Have you ever wondered what is the key to optimizing your business strategies? We give you the answer: the key is in the control of the data.
Most companies store large amounts of information on different platforms, such as ERP, CRM, spreadsheets ... This causes the loss of data traceability, so the organization can not get a global view that allows it to make better strategic decisions.
Currently, storing data is not enough for the organization to have greater competition, but it is necessary that the data are integrated in a single place so that they cease to be a cost to become a business asset. To achieve this, data integration is key and the organization must carry out an ETL process.
Briefly explained, an ETL process (Extract, Transform, Load) is a system that allows organizations to move data from multiple sources (ERP, CRM, Excel, Open Data, Internet Of Things, Social Networks ...) to integrate them into a single place, which could be a database, a data warehouse, and so on.
If you haven't yet, read our article about Data Warehouses that covers the topic extensively. In short, a data warehouse is the place where we store business information from multiple sources for consultation and analysis, that is, it transforms the data into information becoming the core of the BI system (business intelligence). Thanks to this, for example, an organization can analyze its customers with all available information.
In turn, ETL stands for Extract, Transform and Load, which represent the three phases of the process that are carried out for the correct integration of the data and which we describe below.
Due to the complexity of the ETL process and depending on the characteristics of each organization we can find several types of processing.
One of the most important aspects when undertaking an ETL process is the choice of the ETL tool, as it will depend on the size of the organization, the cost and the location of the storage.

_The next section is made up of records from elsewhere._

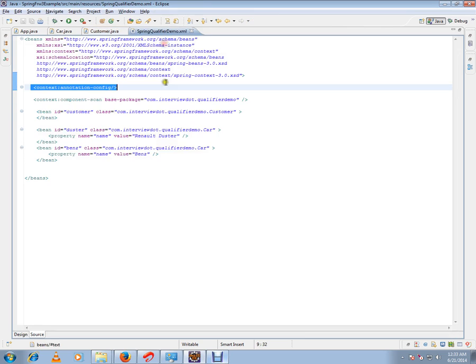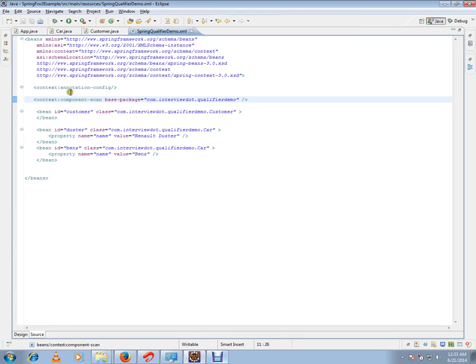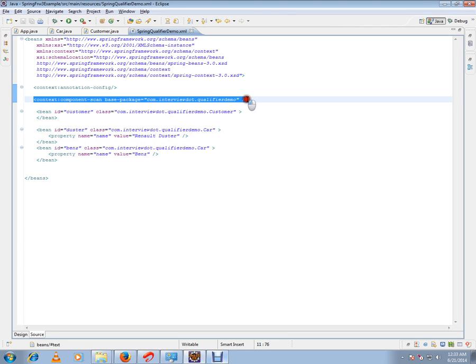Then what is component scan? Component scan does the same as annotation config, but more than annotation config tag.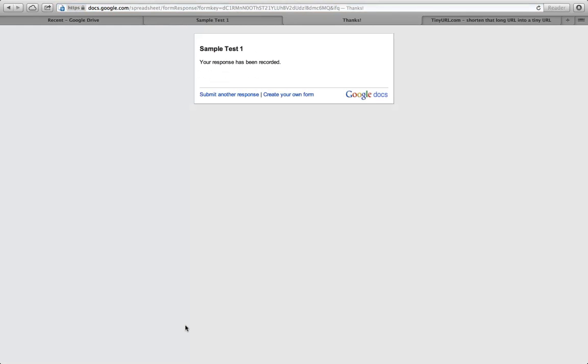We've also showed you how to shorten the URL so that you can put it in a Microsoft PowerPoint file and the students will be able to type it into their web browser without any problems. In the next video I will show you how to take that data from the database that Google has created for us and make it useful. Thank you.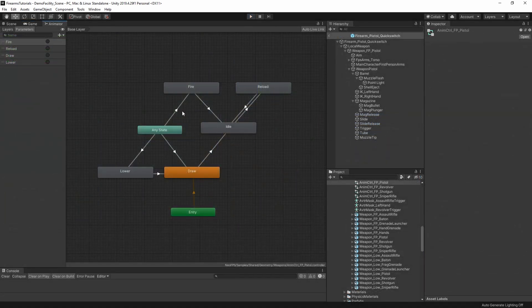Essentially, setting up your animator controllers is like one giant puzzle game. And we're all game devs, so I'll try and explain the rules, and then you can puzzle out what you're trying to achieve.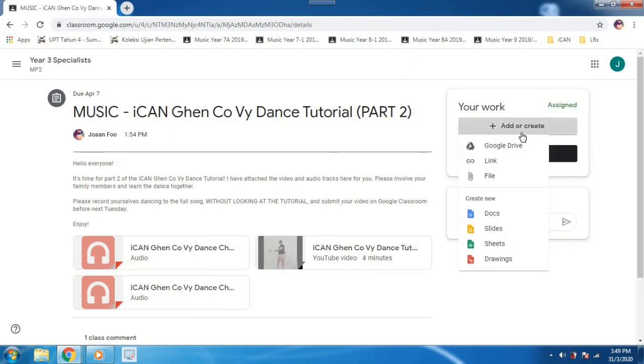Instead of clicking file, you will need to click on link. But before that, you need to find out what your link is.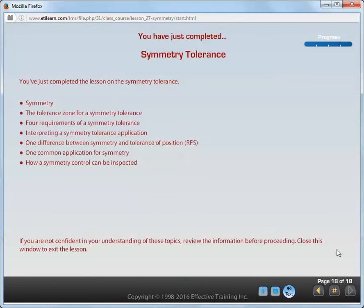You've just completed the lesson on the symmetry tolerance. If you're not confident in your understanding of these topics, review the information before proceeding. Close this window to exit the lesson.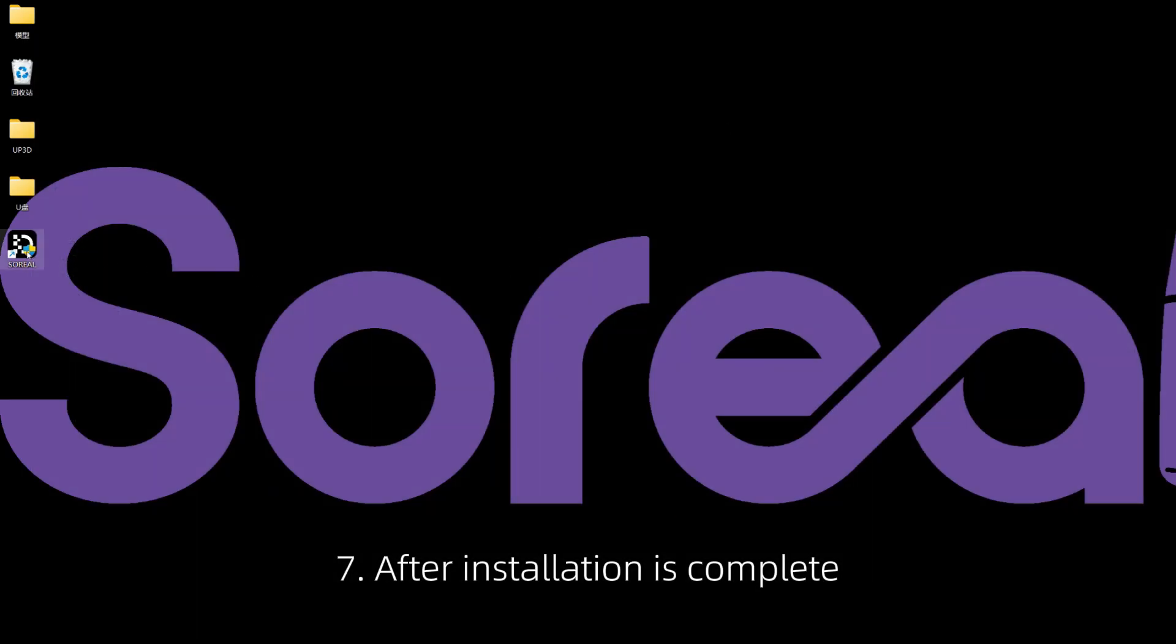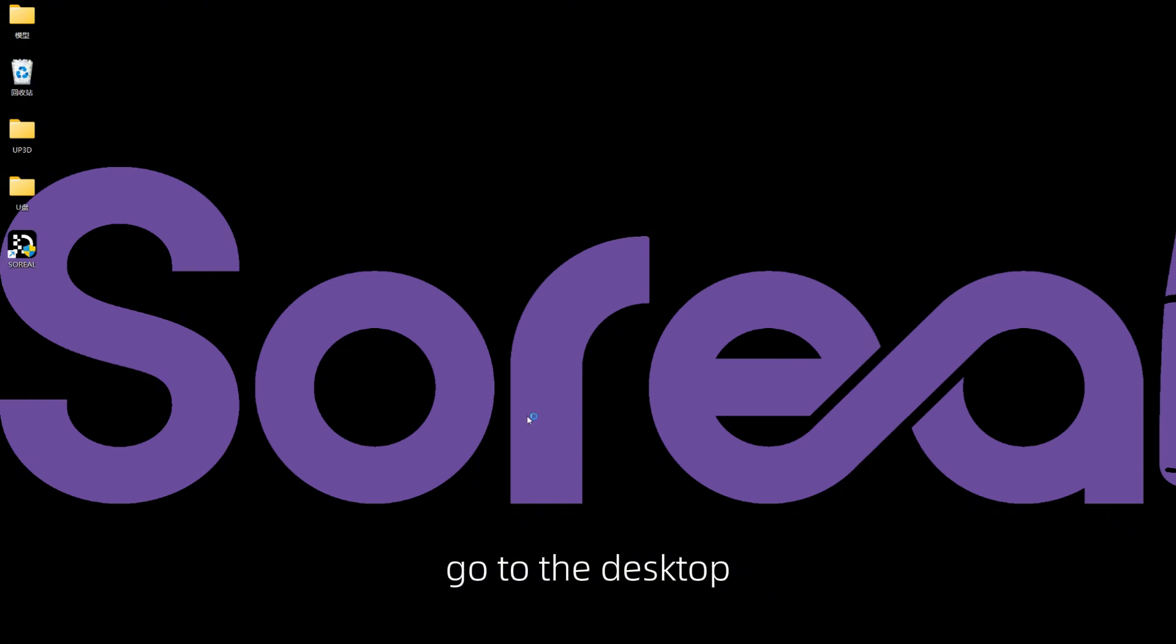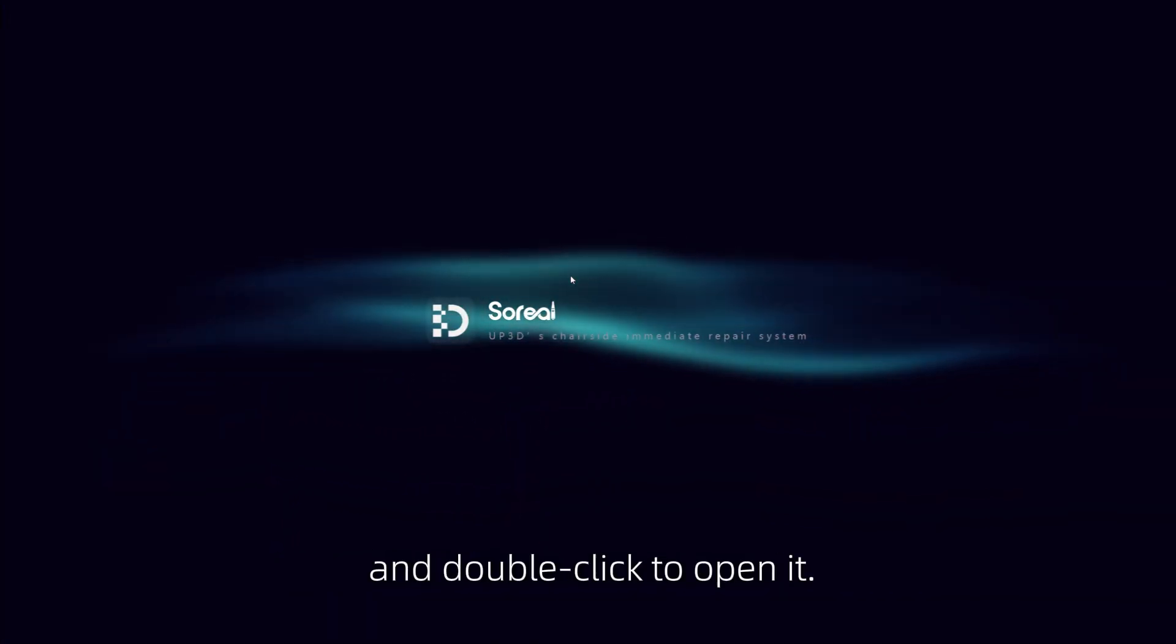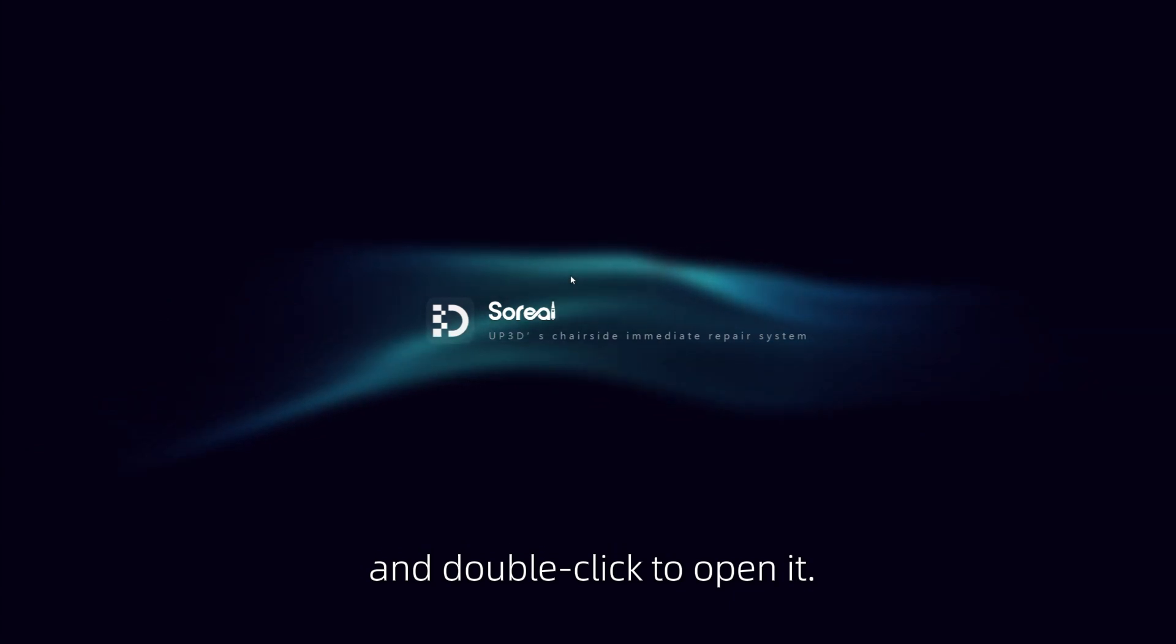After installation is complete, go to the desktop, locate the software icon named SORIO, and double-click to open it.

When choosing an ETL (Extract, Transform, Load) tool, it is essential to consider several factors to ensure that the tool fits the specific needs and requirements of your organisation
1. Enterprise Software
Used by companies that have a larger size, higher cost compared to other options available. Examples: Oracle Data Integrator, SAP Data Services, IBM Infosphere DataStage, SAS Data Manager, Microsoft SQL Server Integration Services - SSIS.
2. Custom ETL Programming
Companies that develop their own tools in order to have greater flexibility. Examples of languages used for this programming: Java, .Net, Python, etc.
3. Open Source
Free open source tools for all users. Examples: Pentaho Data Integration, Talend Open Studio.
4. Cloud Service
Tools from Google, Microsoft or Amazon that have their own ETL services in the Cloud. Examples: Amazon AWS Glue, Microsoft Azure Data Factory, Google Cloud Dataflow, Amazon AWS EMR.
Similarly, to choose the type of tool most accurately, we recommend following the instructions of Gartner, a leading IT consultant.
An ETL process helps companies create a support system for critical decision making and allows business managers to quickly access data in one place.
In addition, it provides clean and filtered data structures for exploitation by different end-user tools, increases data quality and value, and enables decision optimization. Transactional databases cannot answer complex business questions that can be answered thanks to ETL.
Another important reason is that the data warehouse is automatically updated. The ETL model offers a deep historical context for the business, as it collects a large amount of historical data for the analysis of different time periods, to discover trends and make future predictions. The data warehouse integrates many data sources to reduce processing in the production system and allows to reduce the total response time in analysis and report generation, while facilitating its preparation.
ETL (Extract, Transform, Load) and ELT (Extract, Load, Transform) are two different approaches used in the process of data integration and data preparation. Both are used to move data from various sources into a data warehouse for analysis. The main difference between ETL and ELT lies in the order in which the data transformation steps are carried out.
The choice between ETL and ELT depends on the specific requirements of each project, the architecture of the data warehouse and the complexity of the transformations needed to prepare the data for analysis and reporting.
Conclusion
In short, the application of the ETL process is the construction and loading of a data warehouse in order to obtain a consolidated view of the data that drives better strategic decisions. Therefore, companies with defined processes for data storage in addition to the development of BI technologies achieve, apart from saving costs, added revenue through the monetization of their files. For example, for the owner of a hotel who needs to collect statistical information on average occupancy and room rate, we can, thanks to the ETL process and BI tools, find the aggregate revenue generated per room, collect market share statistics and customer survey data from each hotel to decide its competitive position in various markets. Similarly, we can analyze trends year after year, month after month, and day after day to offer discounts on room reservations.